Required action: Write out every line of the material as it stands, apart from the pictures.

┄┄┄┄┄┄

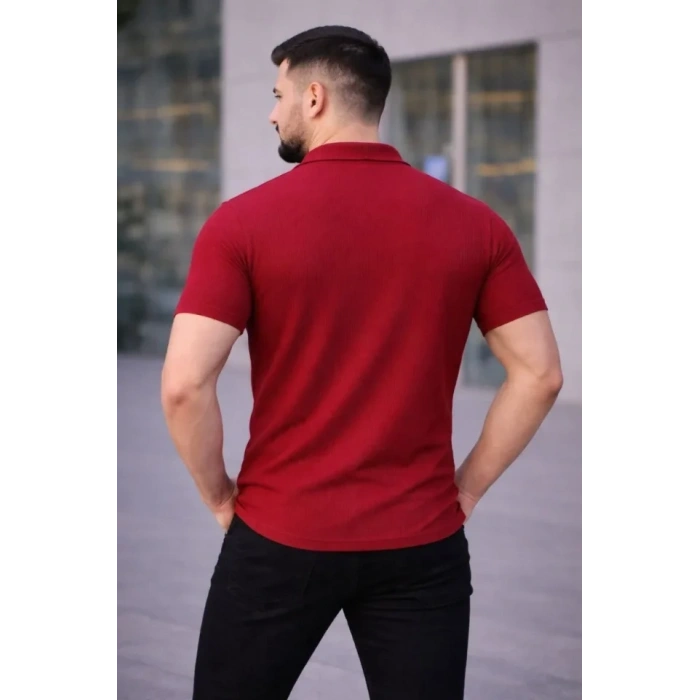 Erkek Waffle Kumaş Kısa Kollu Düğmeli Açık Yaka Regular Fit Gömlek - Kırmızı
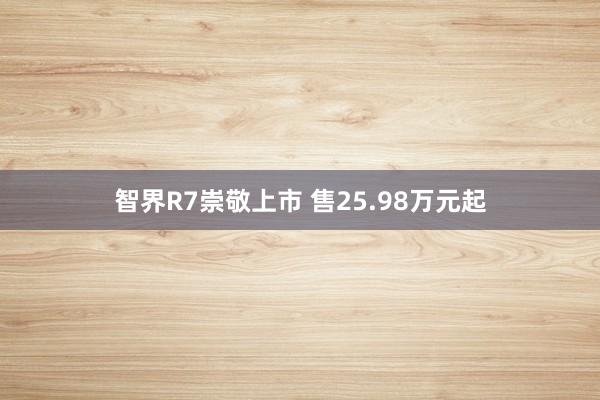 智界R7崇敬上市 售25.98万元起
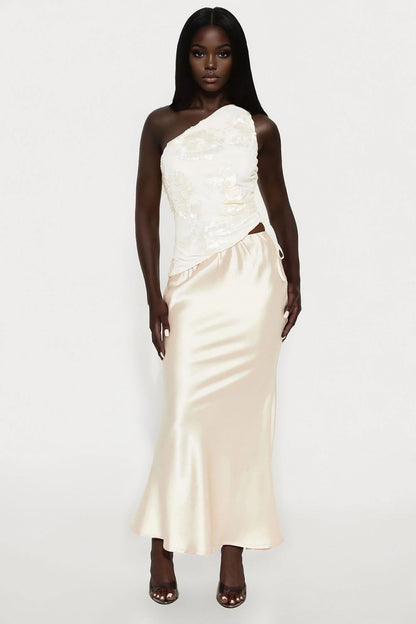 Floral Glow One Shoulder Asymmetrical Top - Ivory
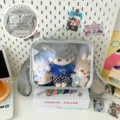 Clear 20cm cotton doll ita bag transparent shoulder bag cute display bag for anime plush toys - Ita Bag (Single Bag) / Silver (Black Embroidery)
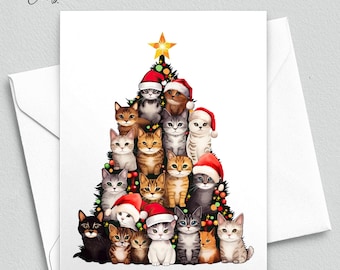 Puede incluir: Una tarjeta de Navidad con un diseño de árbol compuesto por numerosos gatos, algunos con gorros de Papá Noel. La tarjeta es blanca, acompañada de un sobre a juego. El texto "Meaningful Cards" está en la parte superior izquierda. El texto "PRIORITY MAIL OPTIONS AVAILABLE AT CHECKOUT" está en la parte superior.
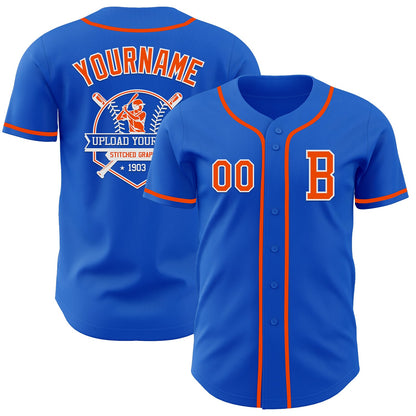 Custom Thunder Blue Orange-White Authentic Baseball Jersey - Sky-Custom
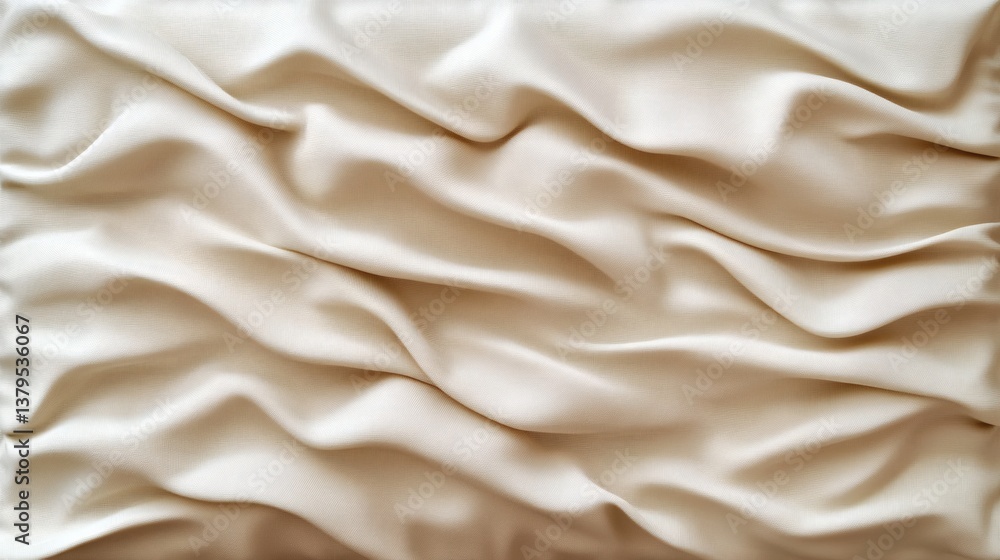 Obraz premium Beige textile folds create a visually appealing, textured surface. Subtle shadows enhance the dimensional quality of the fabric.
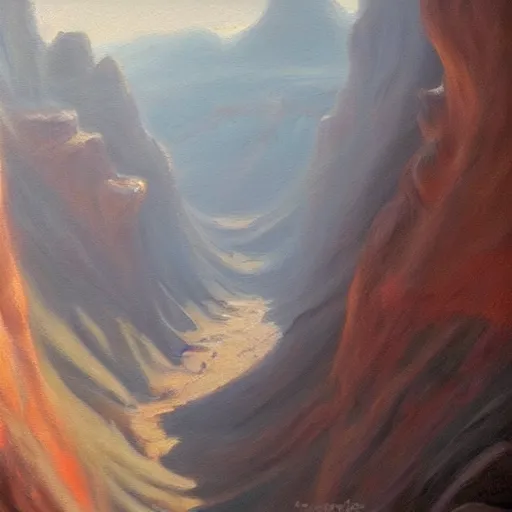 Image similar to beautiful oil painting of a canyon in between mountains, trending on artstation, high detail, realism, award winning, detailed lighting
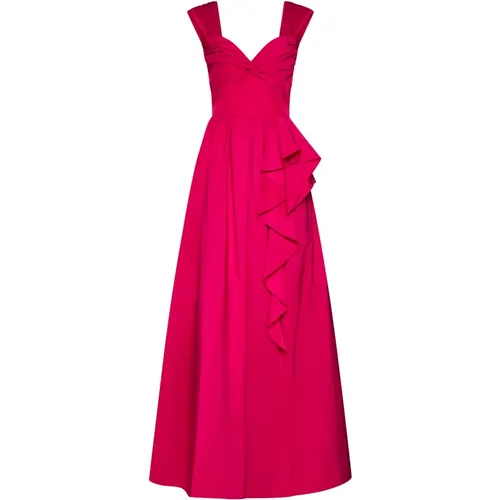 Fuchsia Off-Shoulder A-Line Dress , female, Sizes: XL, 5XL - Marchesa - Modalova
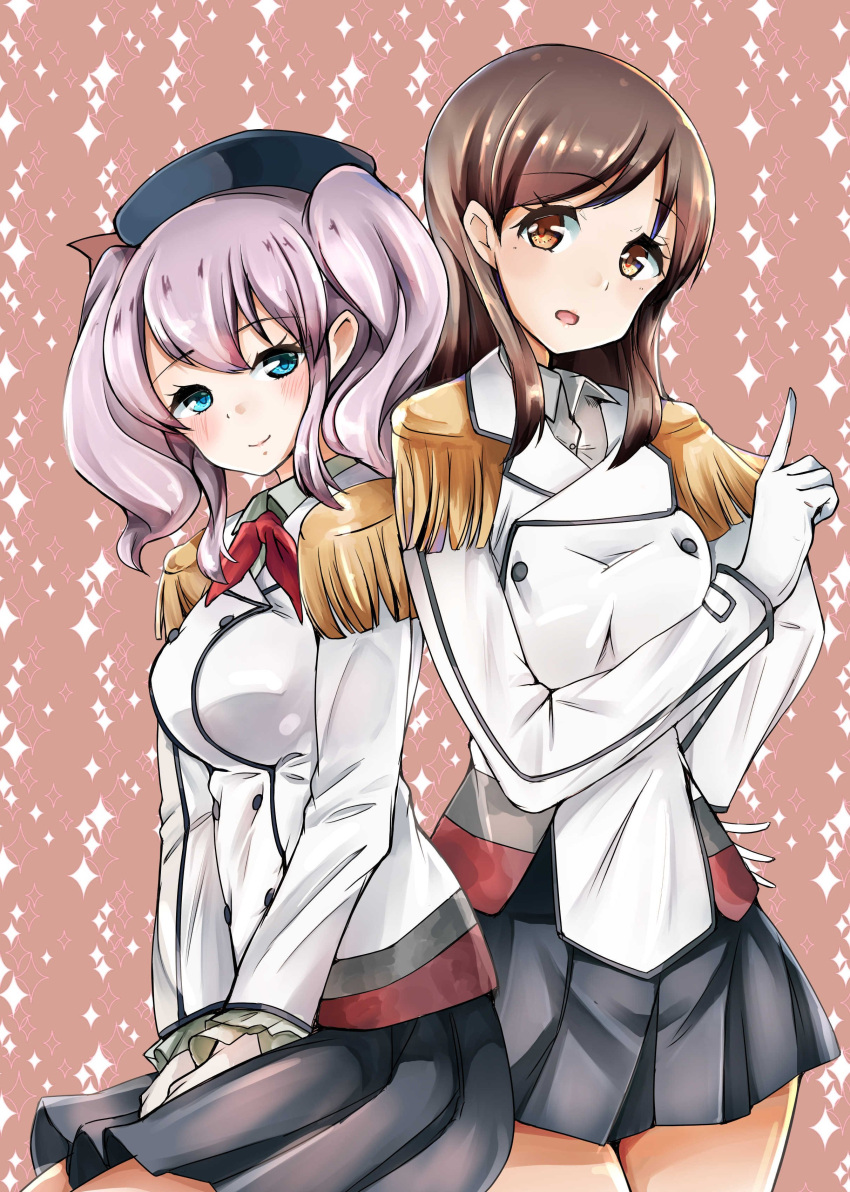 2girls, :o, absurdres, alternate_costume, alternate_hair_color, beret, between_legs, black_miniskirt
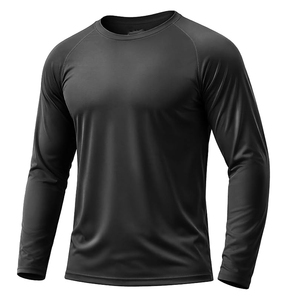<b>Men's</b> Eco-Friendly <b>Long</b> <b>Sleeve</b> Rash Guard Black Quick Dry 160g Polyester Plain Dyed Digital Print ELINE SPORTS Sport Shirt Adult - Product Image 1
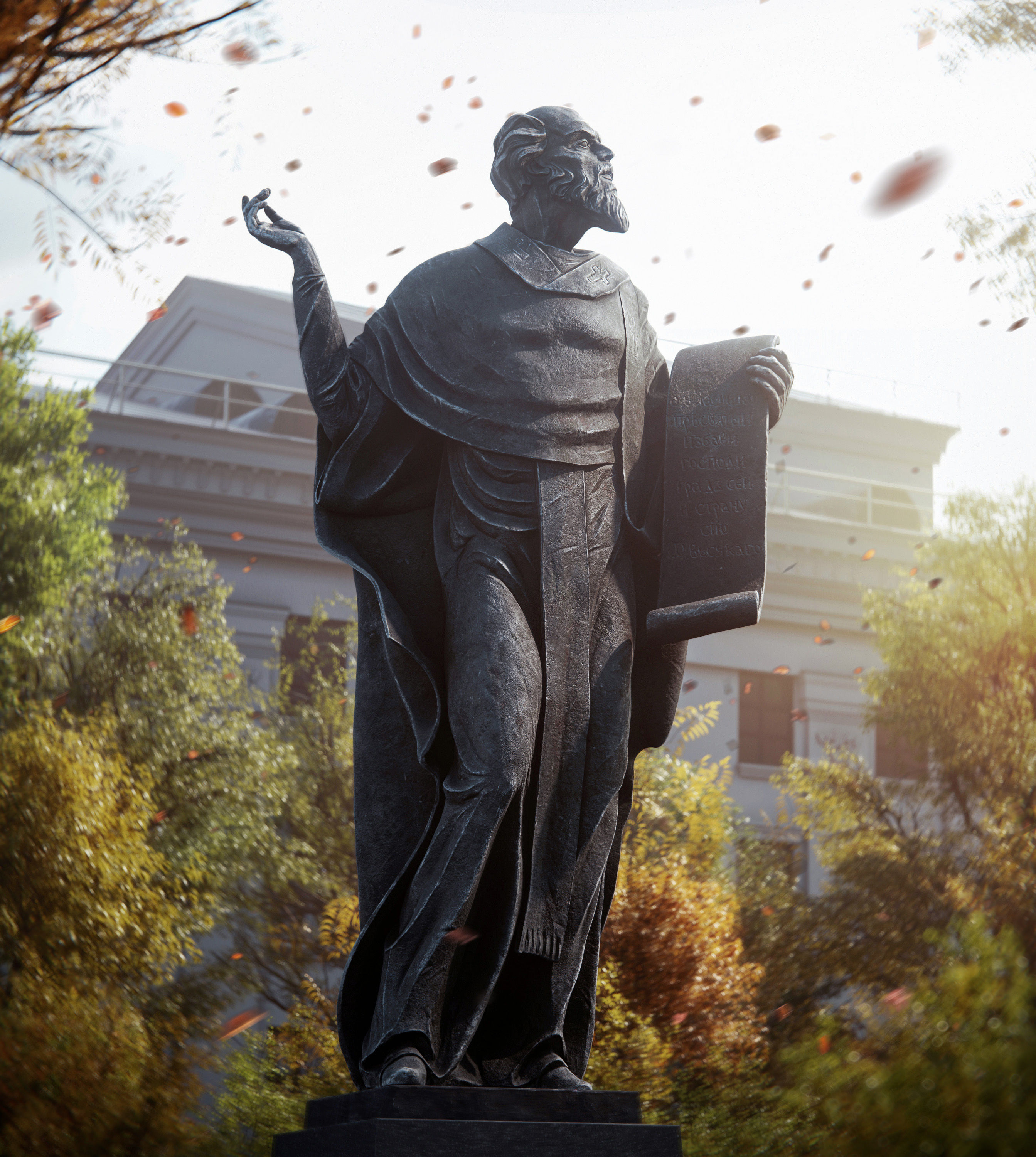 The statue of the Sage Low-poly 3D model_6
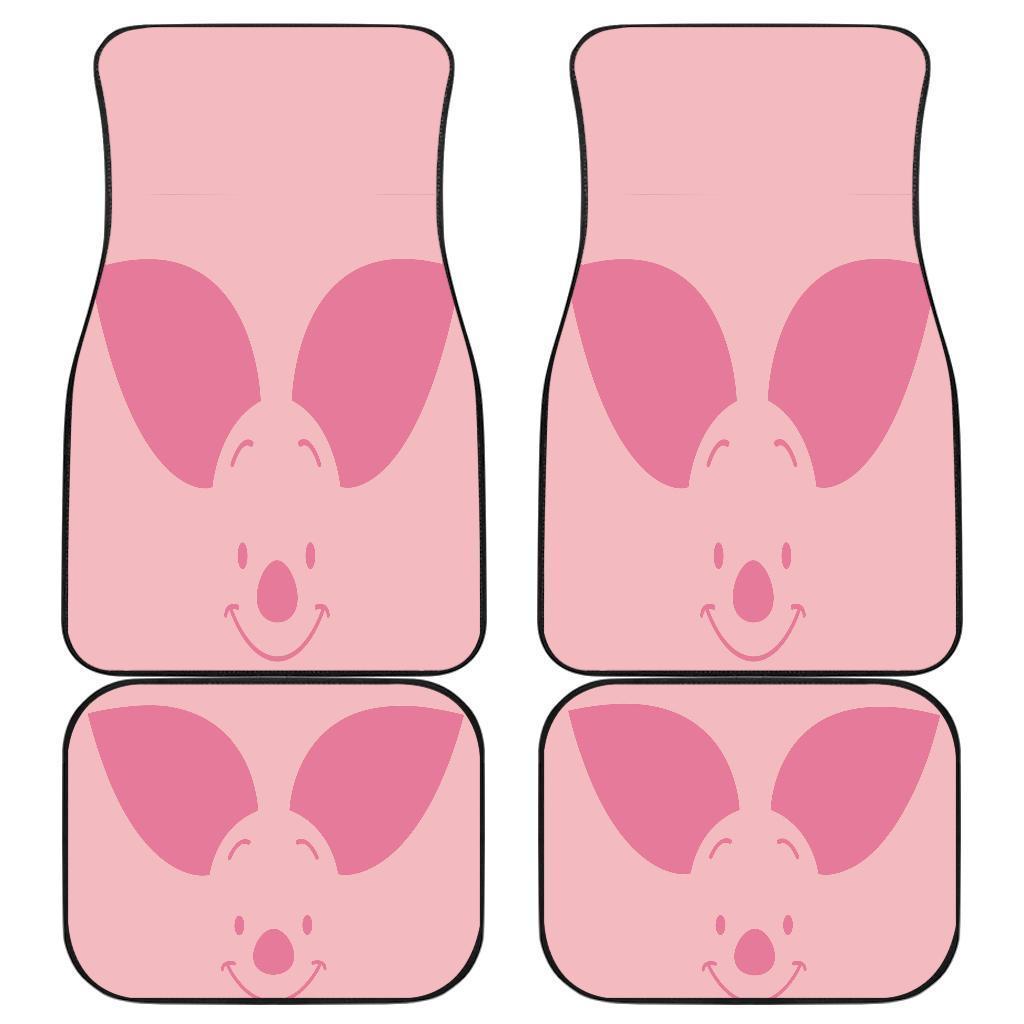 Piglet Emblems Logo In Pink Theme Car Floor Mats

┄┄┄┄┄┄

Solution to this problem:
 Erkek Waffle Kumaş Kısa Kollu Düğmeli Açık Yaka Regular Fit Gömlek - Kırmızı
 智界R7崇敬上市 售25.98万元起
 Floral Glow One Shoulder Asymmetrical Top - Ivory
 Clear 20cm cotton doll ita bag transparent shoulder bag cute display bag for anime plush toys - Ita Bag (Single Bag) / Silver (Black Embroidery)
 Puede incluir: Una tarjeta de Navidad con un diseño de árbol compuesto por numerosos gatos, algunos con gorros de Papá Noel. La tarjeta es blanca, acompañada de un sobre a juego. El texto "Meaningful Cards" está en la parte superior izquierda. El texto "PRIORITY MAIL OPTIONS AVAILABLE AT CHECKOUT" está en la parte superior.
 Custom Thunder Blue Orange-White Authentic Baseball Jersey - Sky-Custom
 Obraz premium Beige textile folds create a visually appealing, textured surface. Subtle shadows enhance the dimensional quality of the fabric.
 Image similar to beautiful oil painting of a canyon in between mountains, trending on artstation, high detail, realism, award winning, detailed lighting
 Fuchsia Off-Shoulder A-Line Dress , female, Sizes: XL, 5XL - Marchesa - Modalova
 2girls, :o, absurdres, alternate_costume, alternate_hair_color, beret, between_legs, black_miniskirt
<b>Men's</b> Eco-Friendly <b>Long</b> <b>Sleeve</b> Rash Guard Black Quick Dry 160g Polyester Plain Dyed Digital Print ELINE SPORTS Sport Shirt Adult - Product Image 1
 The statue of the Sage Low-poly 3D model_6
 Piglet Emblems Logo In Pink Theme Car Floor Mats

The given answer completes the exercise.